• THE TASK: Only one stretch of the listing below is wanted. Begin at the line that has "MLS Image #11", stop after the line that has "LAMBORGHINI Huracan Cabrio", and repeat every line in between exactly.
=== Section Start ===
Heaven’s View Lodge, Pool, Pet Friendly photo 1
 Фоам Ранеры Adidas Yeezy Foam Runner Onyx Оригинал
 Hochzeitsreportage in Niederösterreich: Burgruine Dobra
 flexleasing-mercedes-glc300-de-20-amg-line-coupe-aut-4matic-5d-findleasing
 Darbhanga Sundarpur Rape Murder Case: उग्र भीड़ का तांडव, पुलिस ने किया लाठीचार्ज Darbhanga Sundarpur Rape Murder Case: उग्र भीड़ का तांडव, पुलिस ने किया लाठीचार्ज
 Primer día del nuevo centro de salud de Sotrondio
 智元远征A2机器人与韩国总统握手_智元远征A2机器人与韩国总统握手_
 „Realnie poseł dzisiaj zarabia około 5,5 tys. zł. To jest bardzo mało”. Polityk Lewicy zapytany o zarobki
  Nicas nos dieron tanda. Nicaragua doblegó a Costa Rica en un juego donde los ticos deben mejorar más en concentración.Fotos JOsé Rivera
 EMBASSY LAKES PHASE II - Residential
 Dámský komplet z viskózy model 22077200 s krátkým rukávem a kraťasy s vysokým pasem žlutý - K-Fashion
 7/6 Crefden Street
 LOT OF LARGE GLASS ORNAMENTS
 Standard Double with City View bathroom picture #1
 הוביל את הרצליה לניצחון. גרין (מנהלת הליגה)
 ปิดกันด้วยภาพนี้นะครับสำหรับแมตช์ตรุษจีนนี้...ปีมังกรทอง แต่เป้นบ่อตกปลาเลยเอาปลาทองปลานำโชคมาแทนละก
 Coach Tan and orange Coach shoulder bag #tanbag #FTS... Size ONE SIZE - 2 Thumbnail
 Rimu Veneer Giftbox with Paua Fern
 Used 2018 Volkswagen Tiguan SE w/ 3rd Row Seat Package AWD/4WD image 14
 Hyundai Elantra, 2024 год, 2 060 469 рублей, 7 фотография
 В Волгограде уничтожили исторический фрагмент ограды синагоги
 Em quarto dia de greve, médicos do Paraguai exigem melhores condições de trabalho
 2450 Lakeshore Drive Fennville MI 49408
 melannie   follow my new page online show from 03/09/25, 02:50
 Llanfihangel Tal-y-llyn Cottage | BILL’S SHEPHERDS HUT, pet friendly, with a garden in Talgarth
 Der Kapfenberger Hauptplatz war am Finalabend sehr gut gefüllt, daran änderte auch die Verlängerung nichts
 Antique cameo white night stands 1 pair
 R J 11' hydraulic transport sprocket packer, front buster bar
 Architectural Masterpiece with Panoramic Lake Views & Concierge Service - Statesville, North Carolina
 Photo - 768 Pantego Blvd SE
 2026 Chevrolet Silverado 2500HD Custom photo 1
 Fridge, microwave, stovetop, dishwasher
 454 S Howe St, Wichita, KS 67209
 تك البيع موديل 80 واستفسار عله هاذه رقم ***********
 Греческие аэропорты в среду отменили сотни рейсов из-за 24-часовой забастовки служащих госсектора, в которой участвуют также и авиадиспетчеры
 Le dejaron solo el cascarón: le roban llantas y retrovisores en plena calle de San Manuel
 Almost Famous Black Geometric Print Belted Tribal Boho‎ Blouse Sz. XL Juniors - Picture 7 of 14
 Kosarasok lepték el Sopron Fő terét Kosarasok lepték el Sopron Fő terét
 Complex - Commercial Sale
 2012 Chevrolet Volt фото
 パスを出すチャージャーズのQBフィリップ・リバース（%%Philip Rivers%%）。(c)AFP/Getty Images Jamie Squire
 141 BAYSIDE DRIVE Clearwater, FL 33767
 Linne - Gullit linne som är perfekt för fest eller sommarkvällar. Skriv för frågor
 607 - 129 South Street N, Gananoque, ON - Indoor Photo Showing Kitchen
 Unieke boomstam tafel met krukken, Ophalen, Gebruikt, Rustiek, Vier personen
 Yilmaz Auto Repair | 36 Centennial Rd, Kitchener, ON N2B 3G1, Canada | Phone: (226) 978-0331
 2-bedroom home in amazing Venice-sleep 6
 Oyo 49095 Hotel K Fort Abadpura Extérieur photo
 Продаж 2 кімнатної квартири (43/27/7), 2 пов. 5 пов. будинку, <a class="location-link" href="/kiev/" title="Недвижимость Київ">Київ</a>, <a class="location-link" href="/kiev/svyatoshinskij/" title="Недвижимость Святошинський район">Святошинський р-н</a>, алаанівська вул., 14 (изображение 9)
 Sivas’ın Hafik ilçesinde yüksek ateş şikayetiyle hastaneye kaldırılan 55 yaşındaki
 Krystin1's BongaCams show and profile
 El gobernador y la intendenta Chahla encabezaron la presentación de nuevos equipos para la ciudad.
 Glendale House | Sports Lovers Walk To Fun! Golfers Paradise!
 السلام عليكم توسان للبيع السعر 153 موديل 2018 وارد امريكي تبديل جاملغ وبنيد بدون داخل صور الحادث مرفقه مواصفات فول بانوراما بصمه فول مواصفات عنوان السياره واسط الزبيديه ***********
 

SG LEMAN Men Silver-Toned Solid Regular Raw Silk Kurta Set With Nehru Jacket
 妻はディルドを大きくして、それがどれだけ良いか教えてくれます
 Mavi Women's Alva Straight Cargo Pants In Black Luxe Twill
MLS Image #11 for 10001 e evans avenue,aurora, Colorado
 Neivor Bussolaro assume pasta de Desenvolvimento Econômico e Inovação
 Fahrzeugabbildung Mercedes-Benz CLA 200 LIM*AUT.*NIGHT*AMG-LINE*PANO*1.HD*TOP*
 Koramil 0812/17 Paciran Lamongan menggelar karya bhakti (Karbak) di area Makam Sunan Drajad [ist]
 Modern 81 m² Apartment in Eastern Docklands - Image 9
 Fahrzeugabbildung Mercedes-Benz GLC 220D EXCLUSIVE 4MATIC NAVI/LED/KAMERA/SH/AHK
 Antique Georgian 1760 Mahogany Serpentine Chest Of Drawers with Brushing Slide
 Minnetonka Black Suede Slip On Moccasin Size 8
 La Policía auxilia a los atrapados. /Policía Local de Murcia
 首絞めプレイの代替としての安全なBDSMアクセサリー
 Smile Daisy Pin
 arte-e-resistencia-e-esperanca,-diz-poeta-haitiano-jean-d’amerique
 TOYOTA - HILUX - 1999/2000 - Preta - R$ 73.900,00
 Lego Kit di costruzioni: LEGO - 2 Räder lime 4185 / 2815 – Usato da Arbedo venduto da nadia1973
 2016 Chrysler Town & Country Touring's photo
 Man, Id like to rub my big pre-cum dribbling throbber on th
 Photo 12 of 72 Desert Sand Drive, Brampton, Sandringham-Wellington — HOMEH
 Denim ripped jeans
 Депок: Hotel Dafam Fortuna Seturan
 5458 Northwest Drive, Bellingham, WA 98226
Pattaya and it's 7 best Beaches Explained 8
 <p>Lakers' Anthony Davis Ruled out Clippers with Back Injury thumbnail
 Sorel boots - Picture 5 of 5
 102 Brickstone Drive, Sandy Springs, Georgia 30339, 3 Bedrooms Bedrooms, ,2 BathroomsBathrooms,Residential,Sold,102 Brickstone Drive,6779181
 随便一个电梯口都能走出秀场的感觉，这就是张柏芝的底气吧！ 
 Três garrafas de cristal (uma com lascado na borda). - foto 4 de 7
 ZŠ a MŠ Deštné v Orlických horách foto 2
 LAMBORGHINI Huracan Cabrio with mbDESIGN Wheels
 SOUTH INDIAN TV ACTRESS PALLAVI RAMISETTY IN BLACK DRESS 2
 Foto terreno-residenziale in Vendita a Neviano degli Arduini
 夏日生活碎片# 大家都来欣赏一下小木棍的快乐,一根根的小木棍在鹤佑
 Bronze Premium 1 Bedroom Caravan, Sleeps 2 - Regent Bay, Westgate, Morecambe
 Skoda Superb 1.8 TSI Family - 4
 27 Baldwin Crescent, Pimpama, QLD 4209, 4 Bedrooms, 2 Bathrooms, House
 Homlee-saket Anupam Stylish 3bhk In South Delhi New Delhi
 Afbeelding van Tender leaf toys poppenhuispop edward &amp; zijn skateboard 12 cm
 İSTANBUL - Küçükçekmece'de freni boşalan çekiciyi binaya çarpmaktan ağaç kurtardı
=== Section End ===
• EXPECTED ANSWER:
MLS Image #11 for 10001 e evans avenue,aurora, Colorado
 Neivor Bussolaro assume pasta de Desenvolvimento Econômico e Inovação
 Fahrzeugabbildung Mercedes-Benz CLA 200 LIM*AUT.*NIGHT*AMG-LINE*PANO*1.HD*TOP*
 Koramil 0812/17 Paciran Lamongan menggelar karya bhakti (Karbak) di area Makam Sunan Drajad [ist]
 Modern 81 m² Apartment in Eastern Docklands - Image 9
 Fahrzeugabbildung Mercedes-Benz GLC 220D EXCLUSIVE 4MATIC NAVI/LED/KAMERA/SH/AHK
 Antique Georgian 1760 Mahogany Serpentine Chest Of Drawers with Brushing Slide
 Minnetonka Black Suede Slip On Moccasin Size 8
 La Policía auxilia a los atrapados. /Policía Local de Murcia
 首絞めプレイの代替としての安全なBDSMアクセサリー
 Smile Daisy Pin
 arte-e-resistencia-e-esperanca,-diz-poeta-haitiano-jean-d’amerique
 TOYOTA - HILUX - 1999/2000 - Preta - R$ 73.900,00
 Lego Kit di costruzioni: LEGO - 2 Räder lime 4185 / 2815 – Usato da Arbedo venduto da nadia1973
 2016 Chrysler Town & Country Touring's photo
 Man, Id like to rub my big pre-cum dribbling throbber on th
 Photo 12 of 72 Desert Sand Drive, Brampton, Sandringham-Wellington — HOMEH
 Denim ripped jeans
 Депок: Hotel Dafam Fortuna Seturan
 5458 Northwest Drive, Bellingham, WA 98226
Pattaya and it's 7 best Beaches Explained 8
 <p>Lakers' Anthony Davis Ruled out Clippers with Back Injury thumbnail
 Sorel boots - Picture 5 of 5
 102 Brickstone Drive, Sandy Springs, Georgia 30339, 3 Bedrooms Bedrooms, ,2 BathroomsBathrooms,Residential,Sold,102 Brickstone Drive,6779181
 随便一个电梯口都能走出秀场的感觉，这就是张柏芝的底气吧！ 
 Três garrafas de cristal (uma com lascado na borda). - foto 4 de 7
 ZŠ a MŠ Deštné v Orlických horách foto 2
 LAMBORGHINI Huracan Cabrio with mbDESIGN Wheels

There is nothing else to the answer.